As a shy kid, I was already scared to be standing for any reason, but to be singled out on the topic of privilege was mortifying. Now, before I go any further, I want to be clear: Mr. Carter was a wonderful, compassionate teacher who I hold as one of best educators I ever had. And while it was indeed a very uncomfortable moment, I knew even then that being uncomfortable was the point – that addressing privilege requires an uncomfortable examination of our own place within societal norms. The fact that Mr. Carter was able to pull this conversation off without villainizing the three of us only speaks to his talent as an educator.
After we sat, he began facilitating a conversation on the subject. And I remember listening with great interest, but I also remember not participating in that conversation. As the face of privilege, I didn’t feel like it was my place to join in. And that’s why, although Mr. Carter’s message made a major impact on me, there was also a subtler, perhaps unintentional message that I also learned:
I learned to be quiet.
And that might sound like a good thing! After all, being quiet is often synonymous with listening, and listening is essential. We must listen so that the voices of the oppressed can be heard. We listen instead of getting offended the moment someone challenges us since true change can only arise from discomfort.
The problem is that that there is a very fine line between listening and not participating.
I have become an expert at listening. In fact, I’m such a good listener that I almost never say a word!
Over the past couple of years, I’ve become increasingly aware of my silence, and I’ve come to realize that silence itself is a form of privilege. It is a privilege to be able to read my preferred media, have my opinions, donate my money, all from the comfort of my own home. It’s a privilege to be able to process tough ideas without the pressure of immediate response. It is a privilege to be able to turn off the computer when I need a break and shut out the inconvenient world.
And while in recent years I have become more politically active in my personal life, I still feel a natural inclination to steer away from sharing those views as a representative of Señor Wooly. My parents taught me from a very young age – don’t talk about politics, religion or money in public, and it’s hard to fight against the tides of that upbringing.
However, I’m wrong to stay silent. It’s a privilege to be able to reserve certain spaces as “non-political”. It’s comfortable to find Facebook groups that ban politics. It’s comfortable to avoid challenging topics with friends and family. And yes, it’s comfortable when businesses just focus on the thing they do instead of getting involved in topics that “don’t concern them”.
But black people in this country are not afforded that same privilege of compartmentalization, so why should we get it?

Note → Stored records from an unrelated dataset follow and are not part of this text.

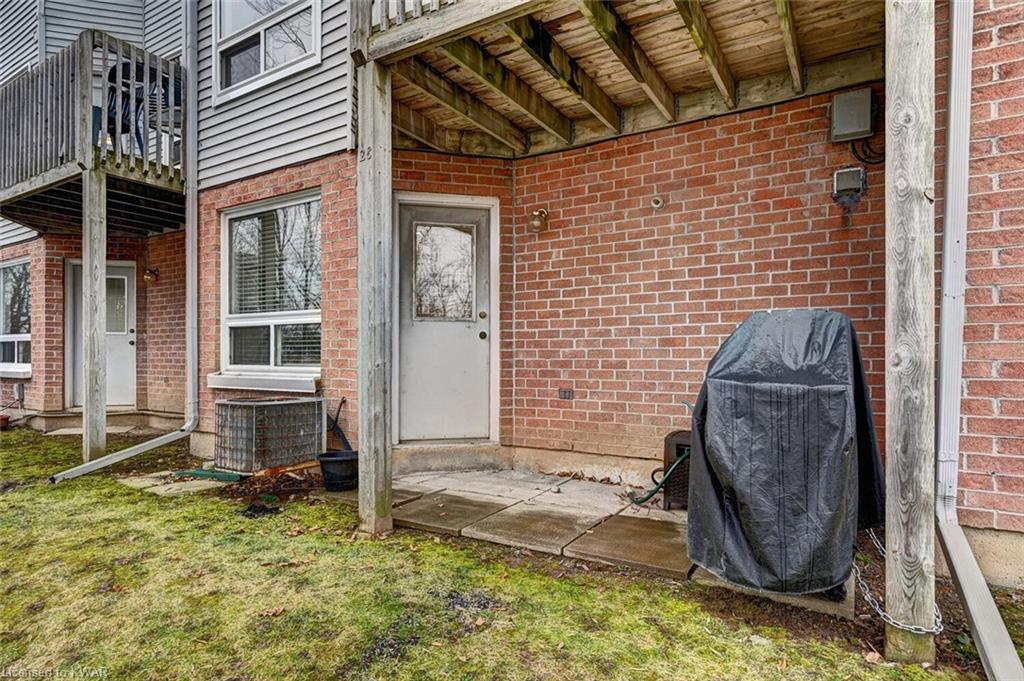 132 BRIGHTON Street Unit# 28, Waterloo, Ontario, Canada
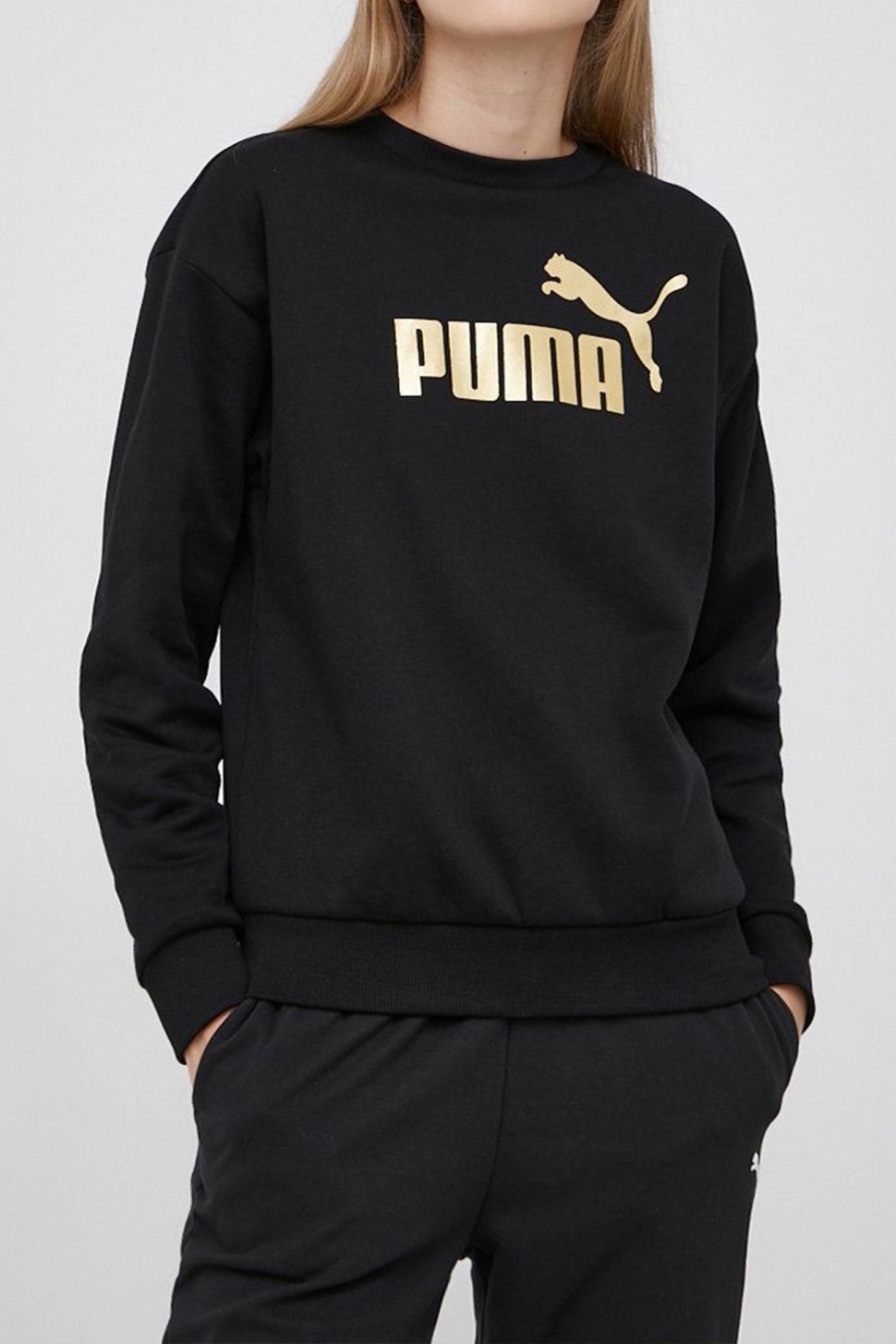 Толстовка жіноча ESS+ Metallic Logo Crew Puma чорна 58689301 — фото 2 — Sport City Толстовка жіноча ESS+ Metallic Logo Crew Puma чорна 58689301 — фото 2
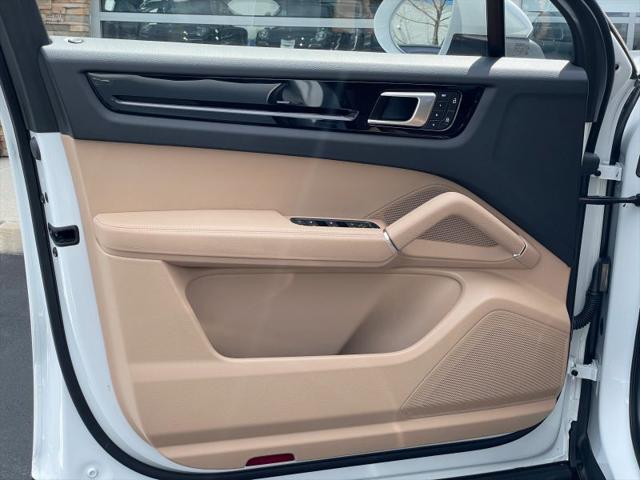 2023 Porsche Cayenne Platinum Edition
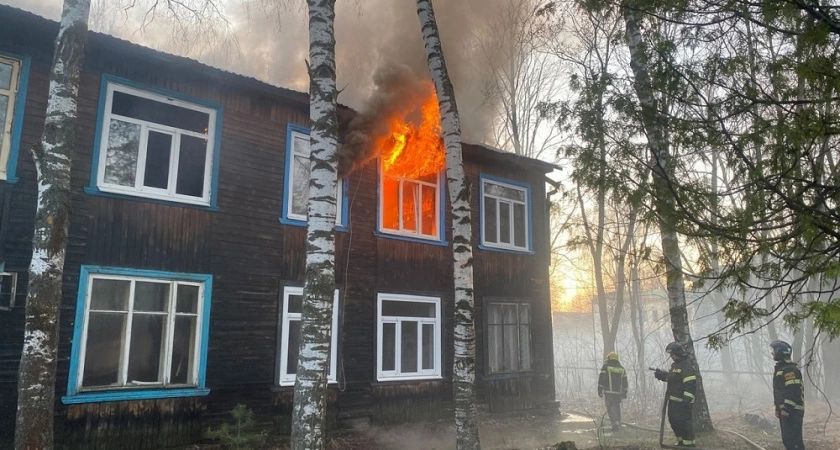 Фото к статье: В Киржаче пожар охватил двухэтажный деревянный дом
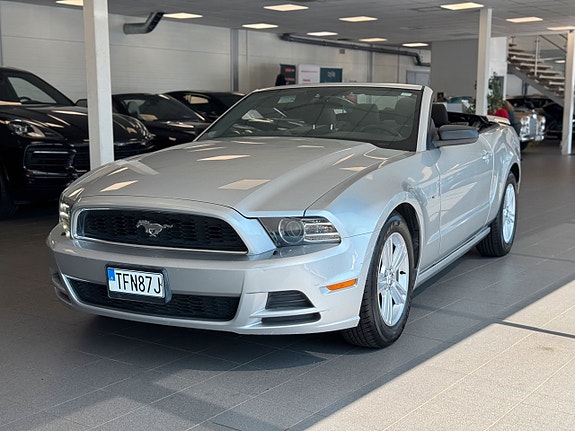 Ford Mustang 5 of 5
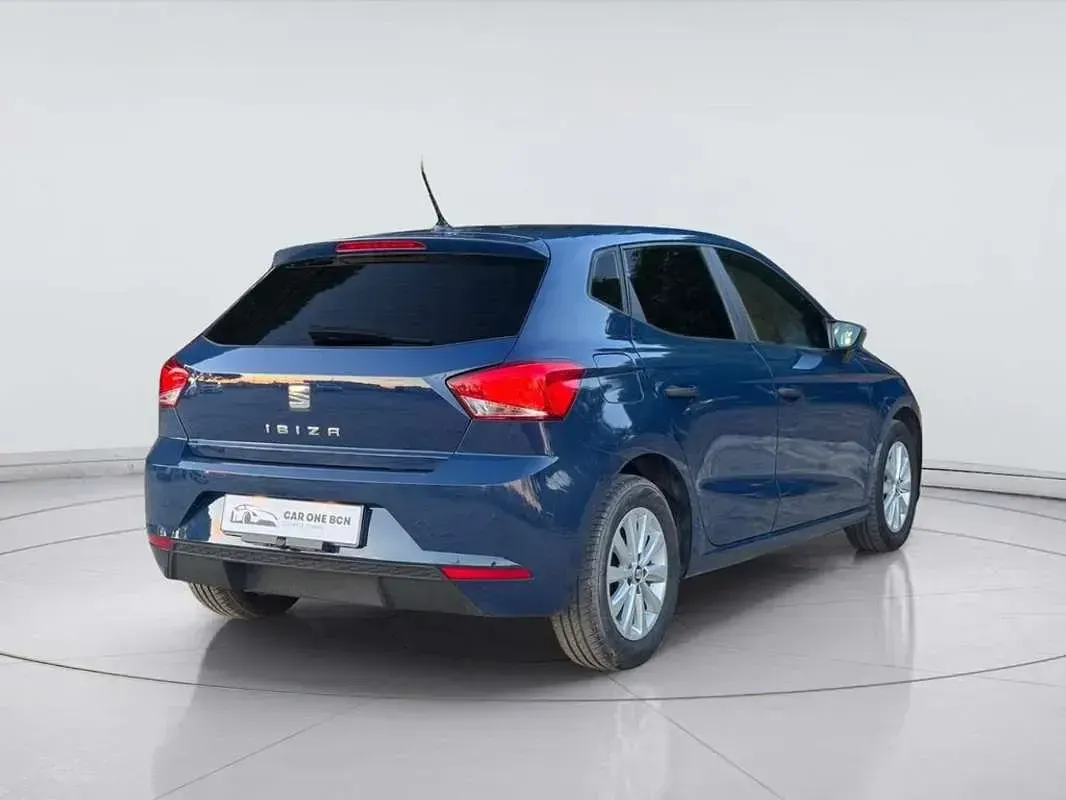 Usado Seat Ibiza Reference 75 CV (55 kW) 2018 Azul Utilitario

I guess what I’m saying is that it’s time for me to join the conversation. I can’t always promise that I’ll have the perfect words, I can’t promise that I won’t alienate some of you. All I can say is that I’ll do my best to be present, I’ll do my best listen, but most importantly, I promise to participate.
And on that note of participation, I want everyone to be 100% clear where we as a company stand:
  • We at Señor Wooly fully support Black Lives Matter.

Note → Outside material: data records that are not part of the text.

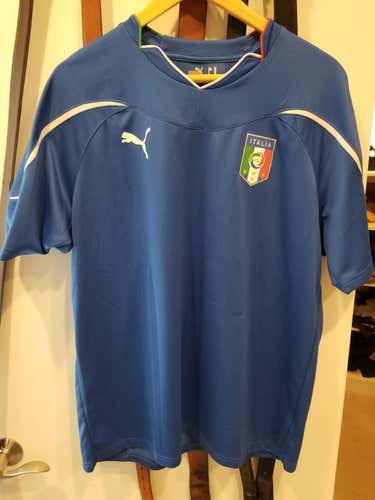 Italia men's team jersey XL. Puma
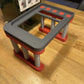 Xtool F1 Riser mit Chuck Tilt Jig, Aufsatz für Gravur großer Objekte, stabile Konstruktion, Grau und Rot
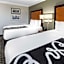 La Quinta Inn & Suites by Wyndham Buena Park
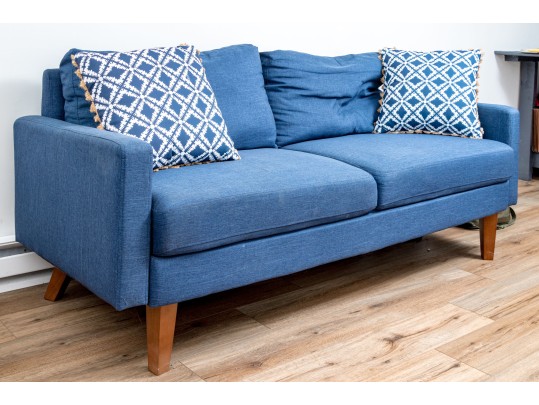 Modern Loveseat With Accent Pillows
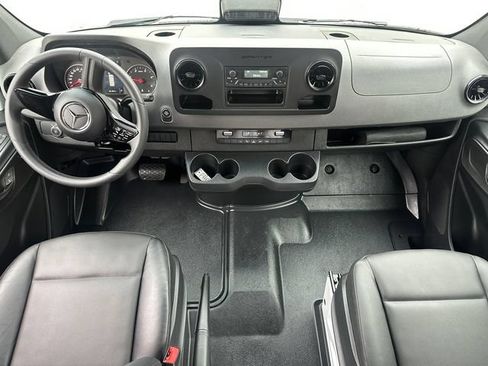 Used 2025 Mercedes-Benz Sprinter 2500 image 19
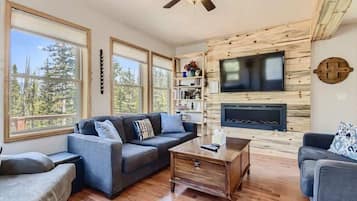House, Multiple Beds, Hot Tub, Mountain View (A-S-300LP) | Living area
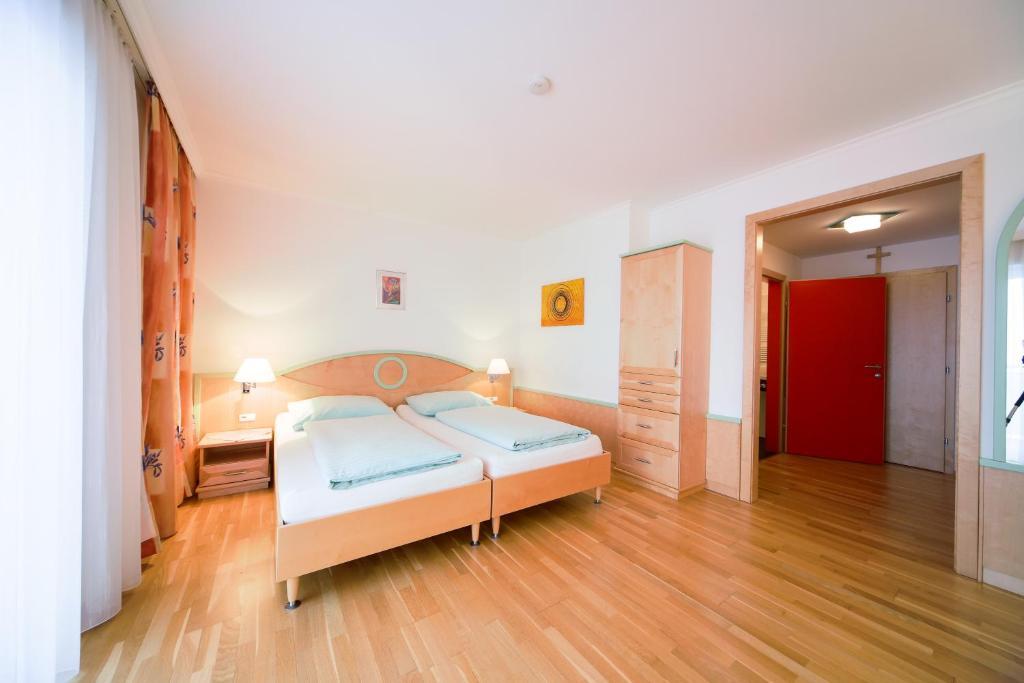 Hotel Zum Kirchenwirt Mariazell Room photo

  • We at Señor Wooly fully support the protesters.
  • We at Señor Wooly fully support any police department that sees this moment as an opportunity to listen, learn, and begin making steps towards reform.
  • We at Señor Wooly fully support politicians who seek to open lines of communication, examine white privilege, and demand legislative change.
  • We at Señor Wooly are vehemently opposed to any politicians that seek to demonize, divide, and stoke the flames of hatred.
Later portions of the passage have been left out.